A run returns a Snapshot alongside a DiagnosticReport. The snapshot is the produced records; the report is the post-run forensics. A clean run leaves the report empty — it fills in only when something's worth flagging: an unmet expect, or a stall_reason when the run was cut short (a visit that didn't settle, or a sample_limit cap).
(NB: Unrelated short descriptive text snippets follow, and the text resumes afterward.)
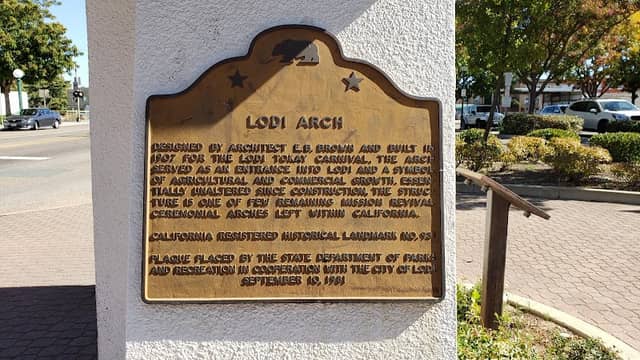 Lodi Arch - Image 1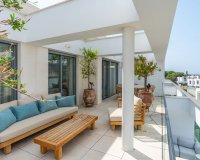 Resale - apartment - Marbella - Elviria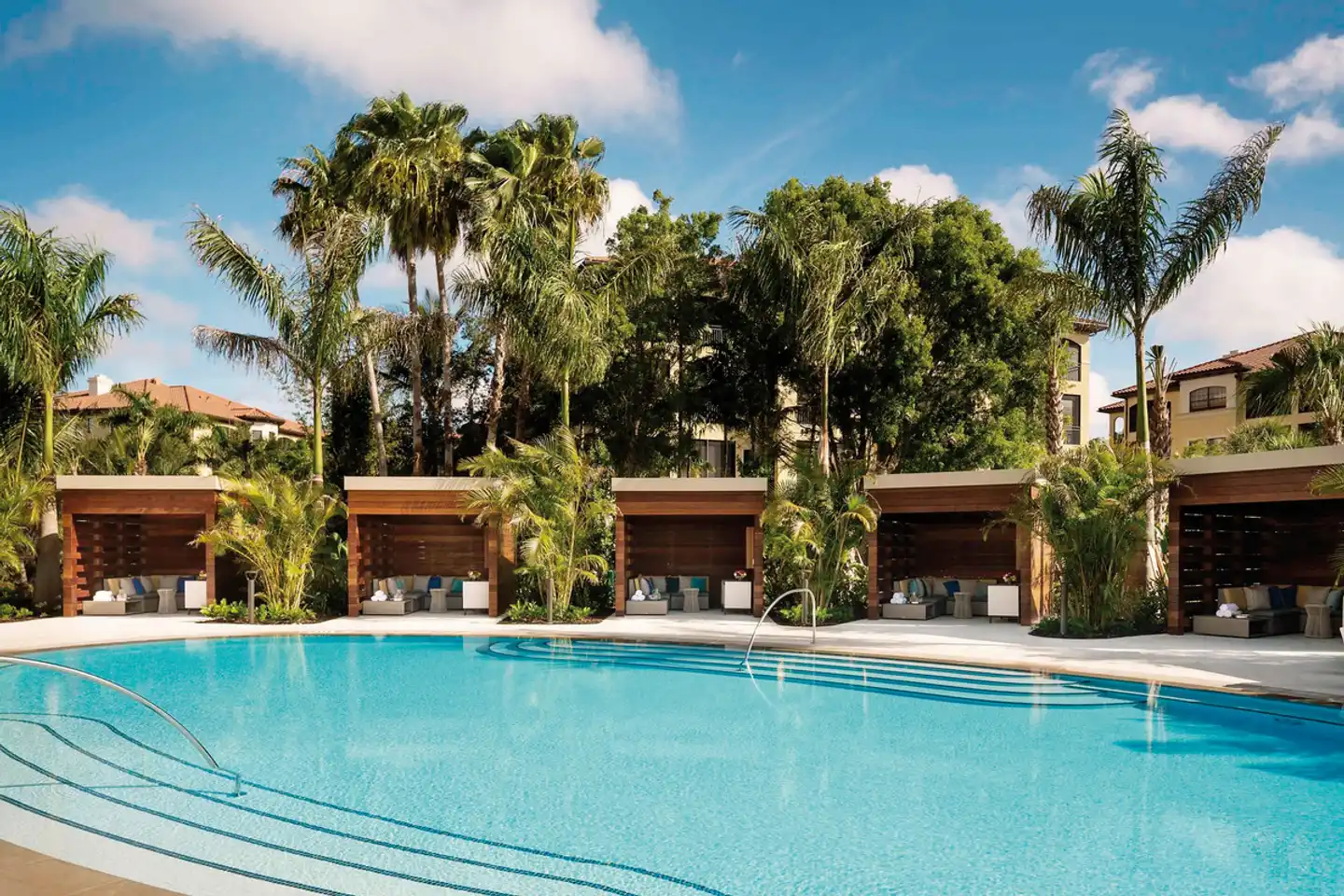 The Ritz-Carlton Naples, Tiburón Pool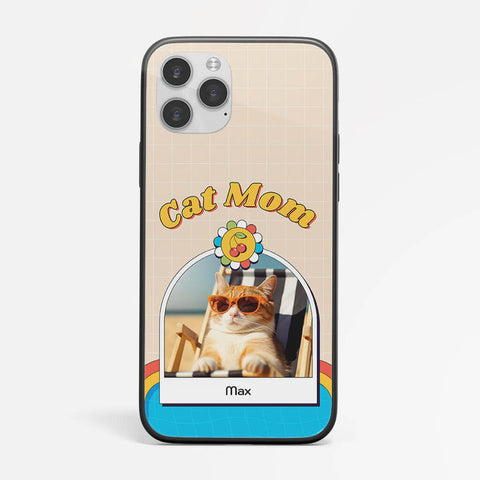 Personalized Cat Mom Chill On Beach Phone Case good presents for mom's birthday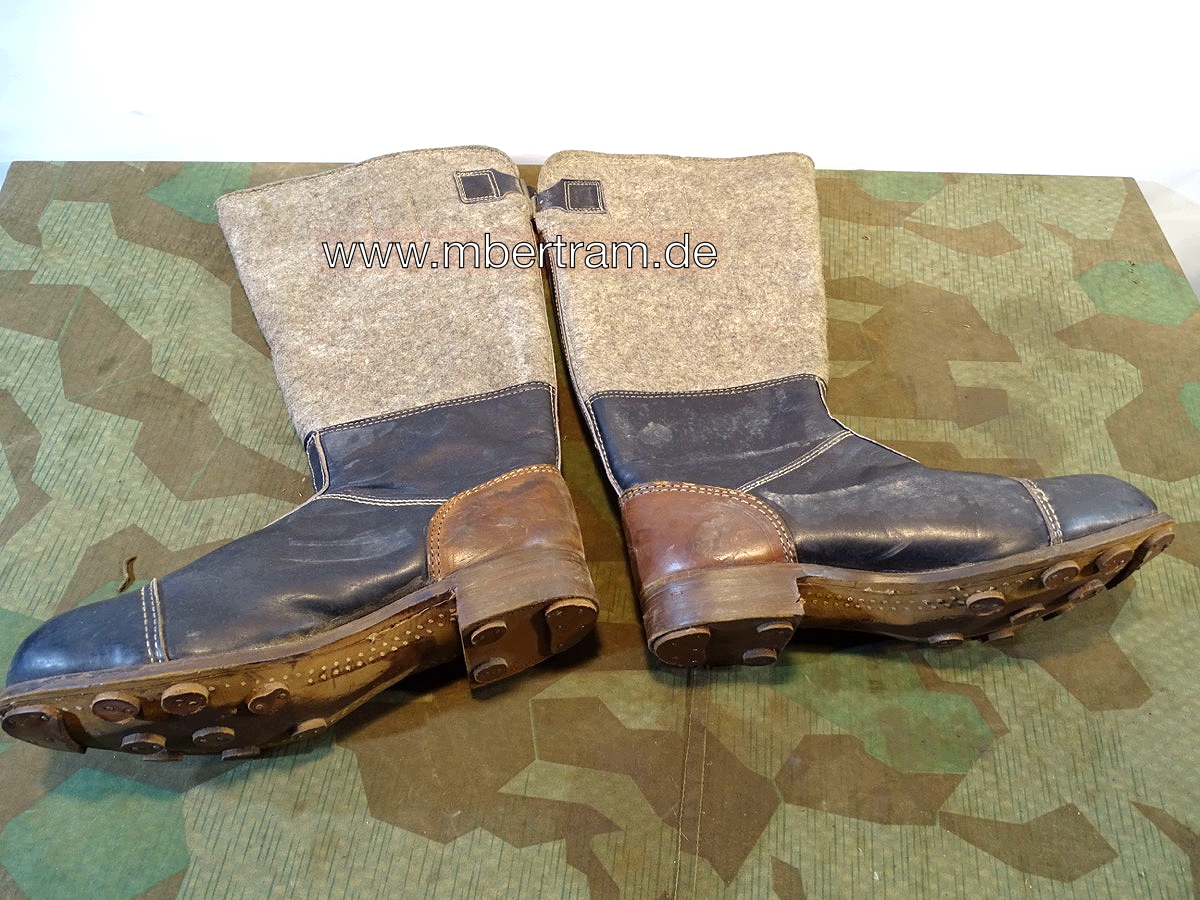 20786-2 Paar ungetragene, neuwertige, späte Wehrmachts Filzstiefel 1944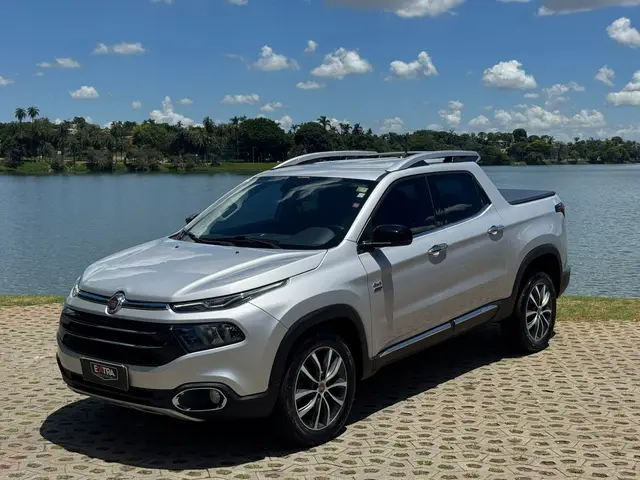 Carro Fiat Toro 2019 Volcano 2.0 diesel AT9 4x4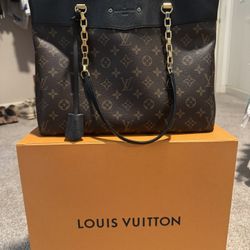 Louis Vuitton Purse - Rarely Worn!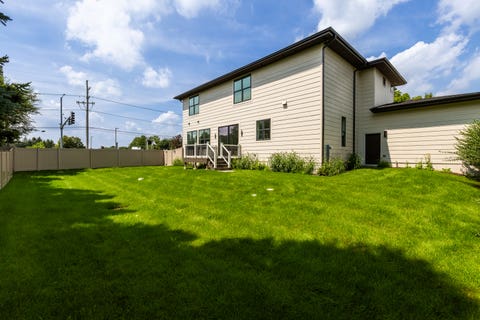 Tiny photo for 949 Internationale Parkway, Woodridge, IL 60517 (MLS # 12705981)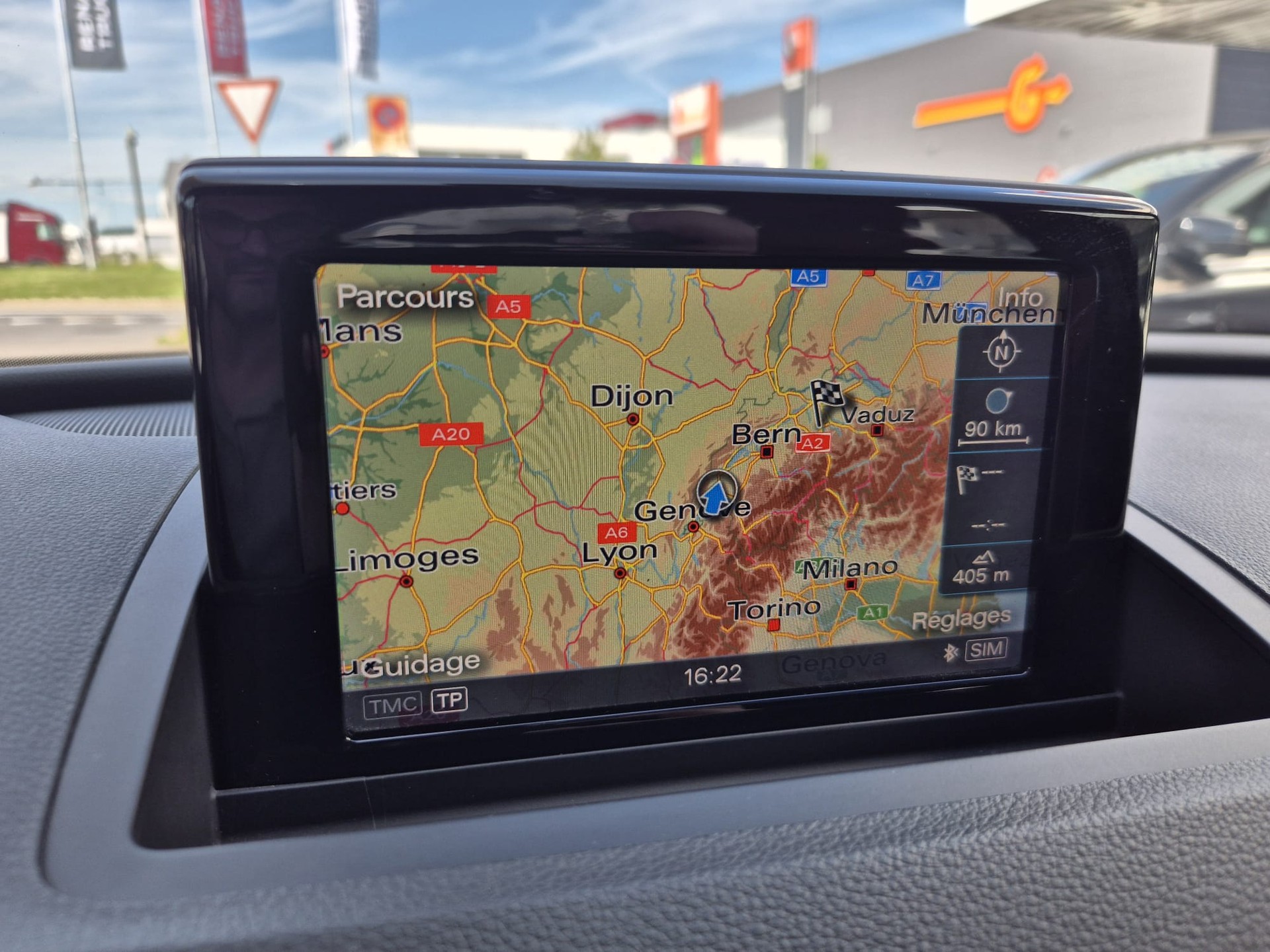 AUDI Q3 2.0 TFSI sport quattro S-tronic-image-9
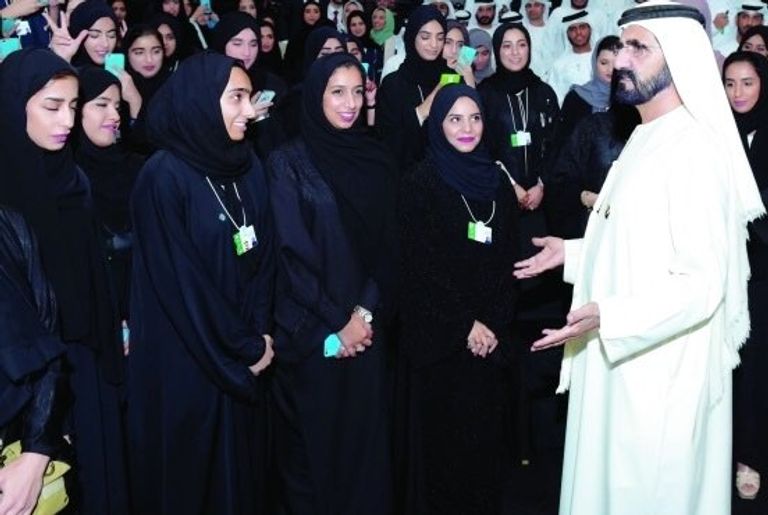 الشيخ محمد بن راشد آل مكتوم يحتفي بيوم المرأة الإماراتية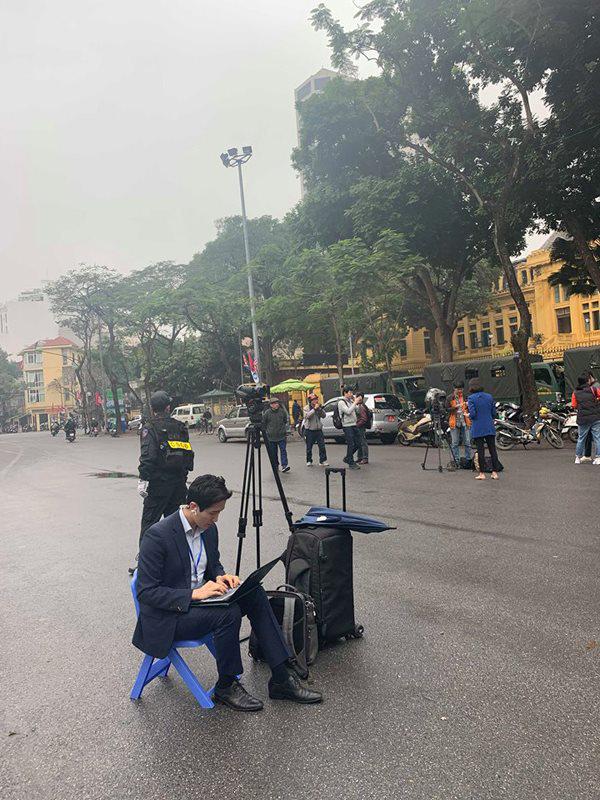 amp;#39;Lịm timamp;#39; với nhan sắc amp;#39;cực phẩmamp;#39; của nam phóng viên tác nghiệp tại Hà Nội - 4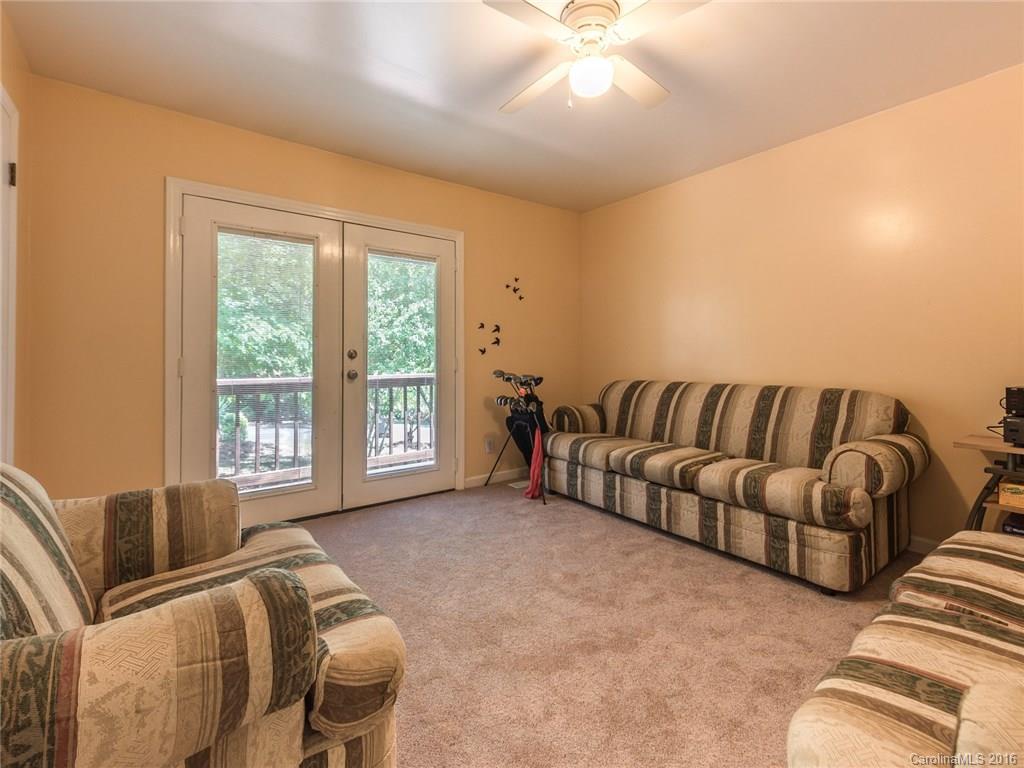 Tega Cay - Residential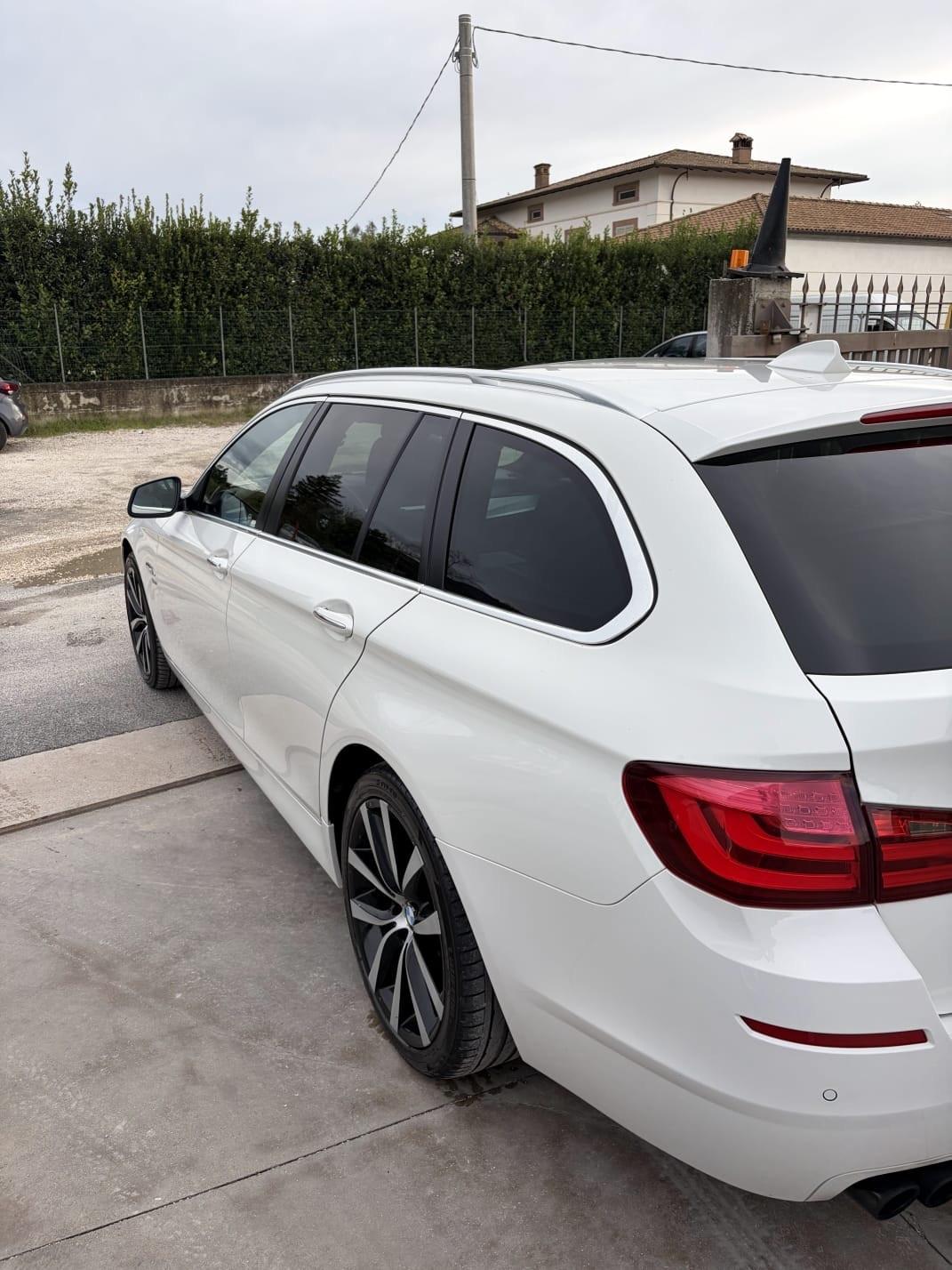 Bmw 525 525d xDrive Touring Msport motore nuovo fatturato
See Diagnostics for the report fields.

Live progress

A run streams progress events while running: phase transitions (starting / stepping / paginating / settling / done / failed), requests sent, records emitted, current URL. Studio wires these to its toolbar counters and per-step run stats; the CLI surfaces them under --verbose.

Cancellation

A run honors task cancellation: the host races it against a cancel signal, and a cancelled run resolves to an error rather than a snapshot. The in-flight request or pagination loop unwinds as the run future is dropped at its next await point.

Pagination

steps expose a small, named set of HTTP pagination strategies. The runtime handles the loop; the recipe declares which strategy and points at the relevant response paths. New strategies are added in Rust as real platforms surface them. (A visit paginates inside itself instead, with its scroll / click until noProgressFor(n) clause.)

pageWithTotal

For endpoints that return a page of items plus a total count. The engine bumps the page parameter until accumulated items meet or exceed the total.

forage
step products {
    method "POST"
    url    "https://api.example.com/products"
    body.json { page: 1, pageSize: 200 }
    paginate pageWithTotal {
        items:     $.list
        total:     $.total
        pageParam: "page"
        pageSize:  200
    }
}

untilEmpty

For endpoints that return a page of items but no total. The engine bumps the page parameter until a response comes back empty or shorter than the page size.

forage
paginate untilEmpty {
    items:     $.data.products
    pageParam: "page"
    pageSize:  60
}

Anti-pattern

Don't bypass pagination by demanding an oversized batch in a single request (e.g. raising a natural pageSize: 60 to 2000). Drive the site's natural pagination instead; it's politer, less likely to trip rate limits, and survives shape changes.

Diagnostics

A run's DiagnosticReport flags only what's noteworthy: an unmet expect, or a stall_reason when the run was cut short — a visit that hit maxIterations or ran out of time before settling, or a sample_limit cap. A visit that can't be driven at all (no recorded capture in replay, or a failed live navigation) fails the run with an error instead. Unmet expect clauses report what the run produced versus what it demanded. See Diagnostics.